International Monetary Fund managing director Dominique Strauss-Kahn said Europe's sovereign debt crisis isn't over and signaled that Germany must do more to ease growth imbalances within the euro region.
"The sovereign crisis is not over," Mr Strauss-Kahn said today in a speech at the European Banking Congress in Frankfurt, Germany, without referring directly to the current turmoil in Ireland. "The wheels of cooperation move too slowly. Repairing the financial sector is taking too long, in part because policy makers are not paying enough attention to the pan-European dimension."
IMF officials arrived in Dublin yesterday with European Union representatives to review the books of the country's financial institutions, preparing the way for a bank bailout. While Germany led the push for Ireland to seek aid to prevent the debt crisis spreading through the euro area, Mr Strauss Kahn said Europe's largest economy should do its part to help the currency area.
"Just like we worry about global imbalances, we should worry about imbalances within the euro area," he said. "For growth to be sustainable, current account deficits in some European countries will need to shrink, and, in parallel, in other countries - such as here in Germany - growth will need to become more domestically driven."
US Treasury Secretary Timothy Geithner said last month that countries with large trade surpluses - which include China, Japan and Germany - need to do more to boost growth within their economies.

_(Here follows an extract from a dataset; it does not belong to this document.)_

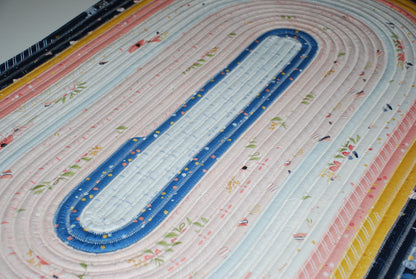 Between the Pages Jelly Roll Rug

German Finance Minister Wolfgang Schaeuble has rebuffed criticism, saying on October 9th that "strong" import growth "implies that Germany contributes to the global recovery."
Europe's economic expansion slowed to 0.4 per cent in the third quarter from 1 per cent in the previous three months as governments stepped up budget cuts to reduce deficits and restore investor confidence.
Mr Strauss-Kahn said the global financial crisis exposed economic "fault lines" in the EU, and leaders should deepen cooperation to sustain economic growth or risk lagging other regions. The Washington-based IMF said on October 6th that developing nations will grow 6.4 per cent next year, almost three times the pace projected for industrialised economies including Europe and the US.
"As the post-crisis world takes shape, Europe risks being left even further behind, especially as the dynamic regions of the world are bolting out of the stables," he said. "The only answer is more cooperation, and greater integration."